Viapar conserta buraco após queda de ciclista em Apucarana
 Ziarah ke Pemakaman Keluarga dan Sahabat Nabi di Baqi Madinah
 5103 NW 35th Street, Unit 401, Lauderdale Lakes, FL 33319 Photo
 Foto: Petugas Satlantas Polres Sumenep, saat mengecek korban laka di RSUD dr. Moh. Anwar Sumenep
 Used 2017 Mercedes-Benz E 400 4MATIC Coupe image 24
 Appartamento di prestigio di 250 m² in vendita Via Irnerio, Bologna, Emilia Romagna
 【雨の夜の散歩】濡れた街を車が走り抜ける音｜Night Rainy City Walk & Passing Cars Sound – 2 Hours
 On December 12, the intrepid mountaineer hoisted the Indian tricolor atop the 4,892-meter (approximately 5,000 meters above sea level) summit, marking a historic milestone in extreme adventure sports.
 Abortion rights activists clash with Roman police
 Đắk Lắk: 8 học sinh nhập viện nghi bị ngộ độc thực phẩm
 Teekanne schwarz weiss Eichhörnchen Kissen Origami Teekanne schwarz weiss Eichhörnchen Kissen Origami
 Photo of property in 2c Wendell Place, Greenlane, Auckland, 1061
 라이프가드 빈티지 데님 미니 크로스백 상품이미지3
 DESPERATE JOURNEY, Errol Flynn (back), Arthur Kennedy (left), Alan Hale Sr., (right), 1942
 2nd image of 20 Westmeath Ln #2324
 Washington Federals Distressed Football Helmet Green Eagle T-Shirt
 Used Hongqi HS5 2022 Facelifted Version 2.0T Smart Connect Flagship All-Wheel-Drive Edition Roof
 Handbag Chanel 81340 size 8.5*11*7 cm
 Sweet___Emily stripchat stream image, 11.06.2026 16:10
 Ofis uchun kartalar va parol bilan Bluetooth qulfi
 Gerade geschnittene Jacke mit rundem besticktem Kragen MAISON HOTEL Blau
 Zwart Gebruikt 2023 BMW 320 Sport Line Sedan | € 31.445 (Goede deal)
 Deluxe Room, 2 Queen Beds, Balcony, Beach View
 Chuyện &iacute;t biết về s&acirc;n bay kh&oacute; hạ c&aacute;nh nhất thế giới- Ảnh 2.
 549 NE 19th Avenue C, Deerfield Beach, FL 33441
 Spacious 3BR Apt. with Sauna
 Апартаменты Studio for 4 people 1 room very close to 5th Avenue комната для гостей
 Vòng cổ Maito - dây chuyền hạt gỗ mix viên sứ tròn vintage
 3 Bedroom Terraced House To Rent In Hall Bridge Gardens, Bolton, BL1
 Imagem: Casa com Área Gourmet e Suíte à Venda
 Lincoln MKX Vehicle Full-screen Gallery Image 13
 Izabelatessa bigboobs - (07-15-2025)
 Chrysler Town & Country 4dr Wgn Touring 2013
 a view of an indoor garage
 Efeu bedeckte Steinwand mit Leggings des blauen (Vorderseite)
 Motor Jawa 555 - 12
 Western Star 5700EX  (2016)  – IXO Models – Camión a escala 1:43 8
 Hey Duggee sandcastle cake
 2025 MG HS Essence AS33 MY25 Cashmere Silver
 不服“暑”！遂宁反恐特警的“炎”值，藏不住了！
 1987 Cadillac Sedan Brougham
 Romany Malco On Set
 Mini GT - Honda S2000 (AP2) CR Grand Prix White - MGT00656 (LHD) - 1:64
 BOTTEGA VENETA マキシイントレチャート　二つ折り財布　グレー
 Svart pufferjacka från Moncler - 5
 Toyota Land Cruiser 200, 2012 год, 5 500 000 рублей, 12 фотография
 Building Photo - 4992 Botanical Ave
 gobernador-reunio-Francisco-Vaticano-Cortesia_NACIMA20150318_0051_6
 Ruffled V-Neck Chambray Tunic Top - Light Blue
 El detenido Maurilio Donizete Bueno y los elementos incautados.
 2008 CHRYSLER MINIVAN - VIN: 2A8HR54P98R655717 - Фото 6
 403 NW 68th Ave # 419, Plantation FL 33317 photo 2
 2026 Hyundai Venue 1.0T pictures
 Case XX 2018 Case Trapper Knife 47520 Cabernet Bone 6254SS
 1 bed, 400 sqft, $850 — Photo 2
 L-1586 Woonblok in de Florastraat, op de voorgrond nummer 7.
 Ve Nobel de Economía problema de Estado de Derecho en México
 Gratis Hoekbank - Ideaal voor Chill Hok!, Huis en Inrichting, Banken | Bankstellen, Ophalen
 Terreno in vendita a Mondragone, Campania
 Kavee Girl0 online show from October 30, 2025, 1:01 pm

_____

Set every line of the listing down word for word.

* [SOLUTION FOR THIS EXERCISE]
Viapar conserta buraco após queda de ciclista em Apucarana
 Ziarah ke Pemakaman Keluarga dan Sahabat Nabi di Baqi Madinah
 5103 NW 35th Street, Unit 401, Lauderdale Lakes, FL 33319 Photo
 Foto: Petugas Satlantas Polres Sumenep, saat mengecek korban laka di RSUD dr. Moh. Anwar Sumenep
 Used 2017 Mercedes-Benz E 400 4MATIC Coupe image 24
 Appartamento di prestigio di 250 m² in vendita Via Irnerio, Bologna, Emilia Romagna
 【雨の夜の散歩】濡れた街を車が走り抜ける音｜Night Rainy City Walk & Passing Cars Sound – 2 Hours
 On December 12, the intrepid mountaineer hoisted the Indian tricolor atop the 4,892-meter (approximately 5,000 meters above sea level) summit, marking a historic milestone in extreme adventure sports.
 Abortion rights activists clash with Roman police
 Đắk Lắk: 8 học sinh nhập viện nghi bị ngộ độc thực phẩm
 Teekanne schwarz weiss Eichhörnchen Kissen Origami Teekanne schwarz weiss Eichhörnchen Kissen Origami
 Photo of property in 2c Wendell Place, Greenlane, Auckland, 1061
 라이프가드 빈티지 데님 미니 크로스백 상품이미지3
 DESPERATE JOURNEY, Errol Flynn (back), Arthur Kennedy (left), Alan Hale Sr., (right), 1942
 2nd image of 20 Westmeath Ln #2324
 Washington Federals Distressed Football Helmet Green Eagle T-Shirt
 Used Hongqi HS5 2022 Facelifted Version 2.0T Smart Connect Flagship All-Wheel-Drive Edition Roof
 Handbag Chanel 81340 size 8.5*11*7 cm
 Sweet___Emily stripchat stream image, 11.06.2026 16:10
 Ofis uchun kartalar va parol bilan Bluetooth qulfi
 Gerade geschnittene Jacke mit rundem besticktem Kragen MAISON HOTEL Blau
 Zwart Gebruikt 2023 BMW 320 Sport Line Sedan | € 31.445 (Goede deal)
 Deluxe Room, 2 Queen Beds, Balcony, Beach View
 Chuyện &iacute;t biết về s&acirc;n bay kh&oacute; hạ c&aacute;nh nhất thế giới- Ảnh 2.
 549 NE 19th Avenue C, Deerfield Beach, FL 33441
 Spacious 3BR Apt. with Sauna
 Апартаменты Studio for 4 people 1 room very close to 5th Avenue комната для гостей
 Vòng cổ Maito - dây chuyền hạt gỗ mix viên sứ tròn vintage
 3 Bedroom Terraced House To Rent In Hall Bridge Gardens, Bolton, BL1
 Imagem: Casa com Área Gourmet e Suíte à Venda
 Lincoln MKX Vehicle Full-screen Gallery Image 13
 Izabelatessa bigboobs - (07-15-2025)
 Chrysler Town & Country 4dr Wgn Touring 2013
 a view of an indoor garage
 Efeu bedeckte Steinwand mit Leggings des blauen (Vorderseite)
 Motor Jawa 555 - 12
 Western Star 5700EX  (2016)  – IXO Models – Camión a escala 1:43 8
 Hey Duggee sandcastle cake
 2025 MG HS Essence AS33 MY25 Cashmere Silver
 不服“暑”！遂宁反恐特警的“炎”值，藏不住了！
 1987 Cadillac Sedan Brougham
 Romany Malco On Set
 Mini GT - Honda S2000 (AP2) CR Grand Prix White - MGT00656 (LHD) - 1:64
 BOTTEGA VENETA マキシイントレチャート　二つ折り財布　グレー
 Svart pufferjacka från Moncler - 5
 Toyota Land Cruiser 200, 2012 год, 5 500 000 рублей, 12 фотография
 Building Photo - 4992 Botanical Ave
 gobernador-reunio-Francisco-Vaticano-Cortesia_NACIMA20150318_0051_6
 Ruffled V-Neck Chambray Tunic Top - Light Blue
 El detenido Maurilio Donizete Bueno y los elementos incautados.
 2008 CHRYSLER MINIVAN - VIN: 2A8HR54P98R655717 - Фото 6
 403 NW 68th Ave # 419, Plantation FL 33317 photo 2
 2026 Hyundai Venue 1.0T pictures
 Case XX 2018 Case Trapper Knife 47520 Cabernet Bone 6254SS
 1 bed, 400 sqft, $850 — Photo 2
 L-1586 Woonblok in de Florastraat, op de voorgrond nummer 7.
 Ve Nobel de Economía problema de Estado de Derecho en México
 Gratis Hoekbank - Ideaal voor Chill Hok!, Huis en Inrichting, Banken | Bankstellen, Ophalen
 Terreno in vendita a Mondragone, Campania
 Kavee Girl0 online show from October 30, 2025, 1:01 pm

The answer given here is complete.